Given material START
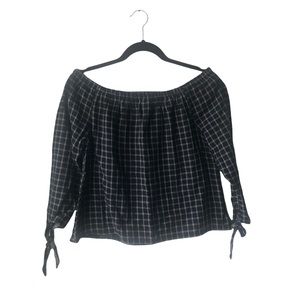 Madewell Blouse Black & White Plaid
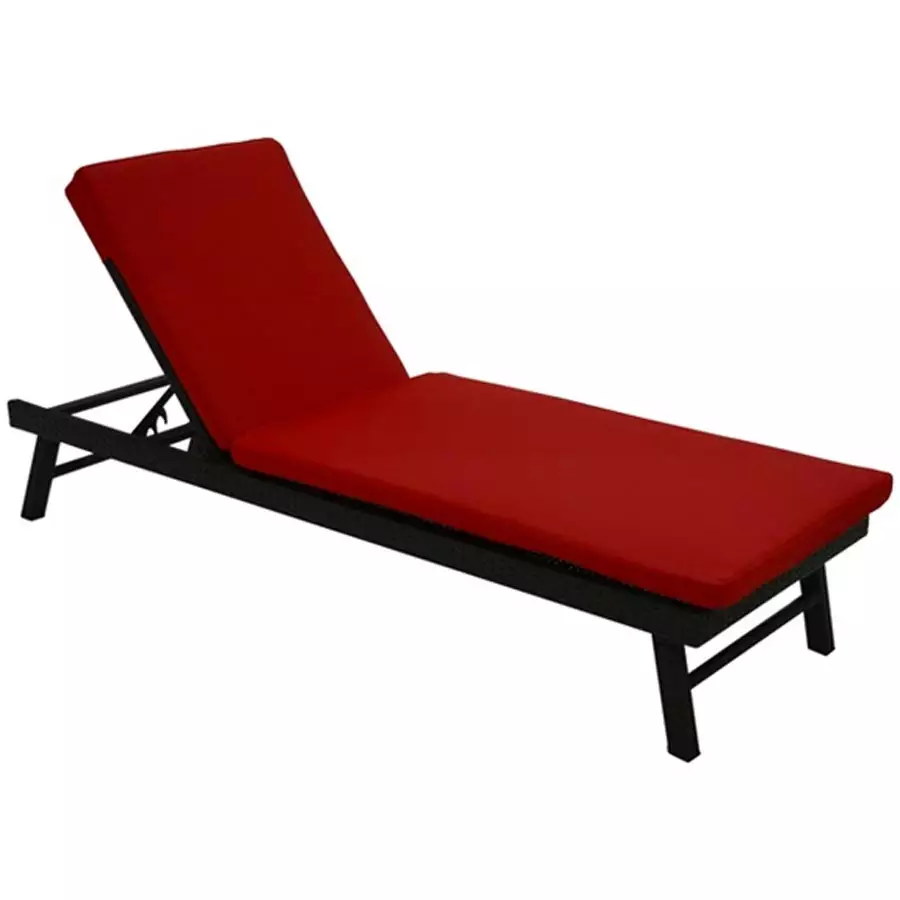 Black/Red Resin Wicker Chaise Lounge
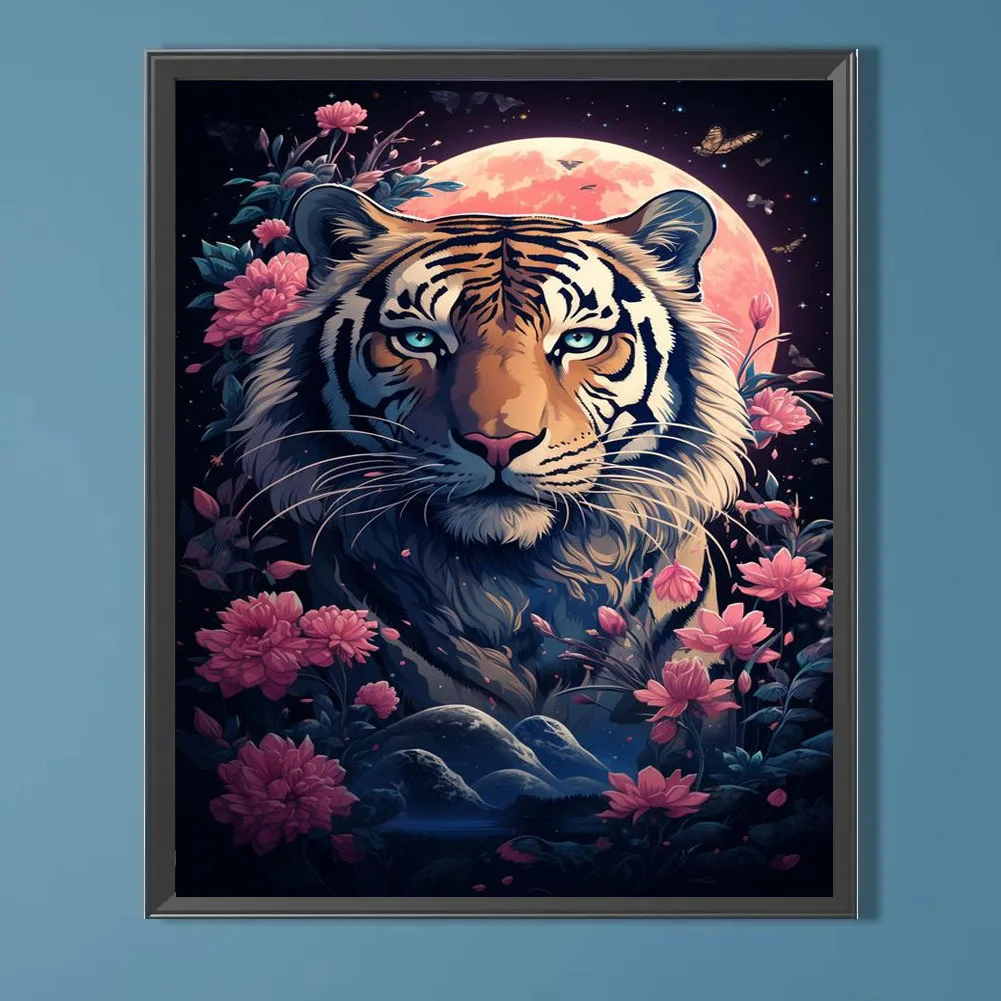 Flower Moon Tiger DIY Diamond Painting Full square round New 2024 Cross Stitch Mosaic Diamond Embroidery For Home Decor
Given material END
What is being asked. Repeat the material above verbatim. Leave the pictures behind.

Exercise answer.
 Madewell Blouse Black & White Plaid
 Black/Red Resin Wicker Chaise Lounge
 Flower Moon Tiger DIY Diamond Painting Full square round New 2024 Cross Stitch Mosaic Diamond Embroidery For Home Decor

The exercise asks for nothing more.